Dans ce contexte tendu, la direction générale a décidé de suspendre plusieurs responsables et de rappeler trois fonctionnaires à leur administration d’origine.
Selon plusieurs sources internes, le Directeur général Jean Delors Biyogue Bi Ntougou a pris la décision de suspendre le Directeur sanitaire halieutique et le Directeur de l’inspection et des contrôles sanitaires et phytosanitaires. Ces derniers sont accusés d’avoir participé activement à des manifestations jugées non autorisées au sein de l’agence, en violation — selon la direction — des dispositions internes régissant l’AGASA.
De leur côté, trois agents détachés du ministère de l’Agriculture ont été renvoyés dans leurs structures d’origine, conformément à une note de service en date du 6 octobre 2025.
Des sanctions qui accentuent la fracture interne
La direction justifie ces décisions par la nécessité de maintenir la discipline et l’ordre au sein de l’institution. Une source proche de l’administration affirme que les cadres sanctionnés ont été filmés aux côtés des grévistes, prononçant des propos jugés hostiles à l’endroit du Directeur général. Ces éléments auraient motivé leur suspension immédiate, notifiée le 15 octobre 2025.

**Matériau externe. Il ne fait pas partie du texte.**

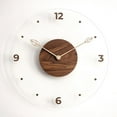 thumbnail image 2 of Reloj de pared nórdico Zulema 14 pulgadas Madera maciza Acrílico Silencioso, 2 of 8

Cependant, les représentants syndicaux contestent la légalité de ces mesures. Selon eux, la direction aurait agi sans consultation préalable des instances disciplinaires, comme le prévoient les textes en vigueur. Le SYNATA dénonce une dérive autoritaire et une violation du droit syndical, estimant que ces décisions risquent d’aggraver une crise sociale déjà explosive.
👁️ Le regard de Com d’Afrik
L’affaire AGASA met une nouvelle fois en lumière la fragilité du dialogue social au sein de l’administration publique gabonaise.

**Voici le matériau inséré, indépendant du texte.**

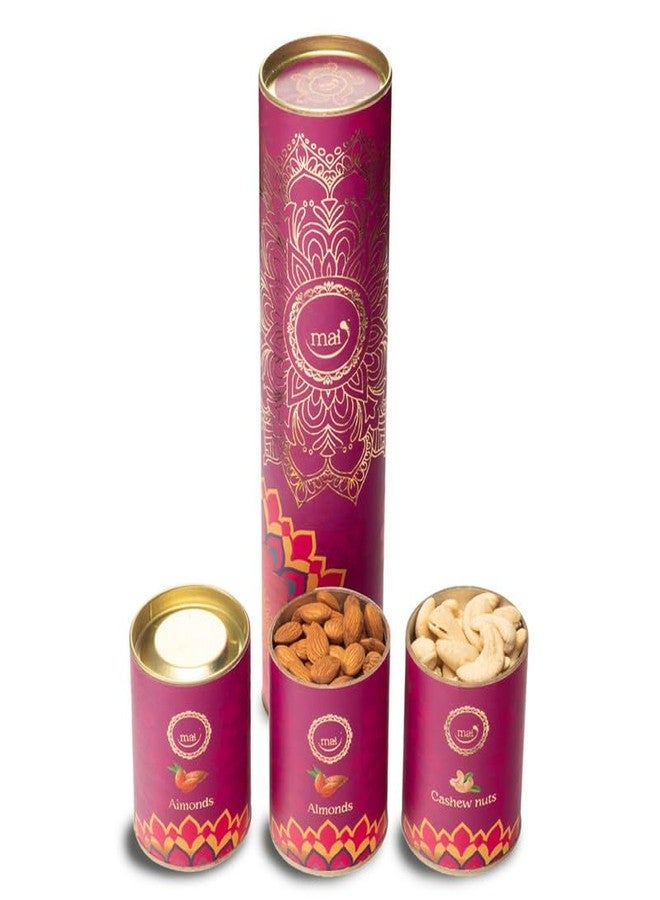 MAI Premium Dry Fruits Gift Pack – Almonds, Cashew Nuts (Kaju) and Raisins (Kismis) | Healthy Snack Assortment in Gift Box | Natural Dry Fruits for Gifting, Diwali gift 300 gm - Image 4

Derrière la décision de suspension se joue un conflit plus profond entre l’autorité hiérarchique et les revendications syndicales d’agents en quête de meilleures conditions de travail.
Com d’Afrik observe que cette situation illustre les limites du management administratif face à la contestation syndicale, où la répression prend souvent le pas sur la médiation.
En optant pour des sanctions immédiates, la direction de l’AGASA semble vouloir affirmer son autorité, mais au risque d’envenimer davantage le climat social et de fragiliser la cohésion interne d’une structure stratégique pour la sécurité alimentaire du pays.
Le véritable défi réside désormais dans la capacité des deux parties à renouer un dialogue constructif, afin d’éviter que la crise ne s’étende à d’autres secteurs de la fonction publique.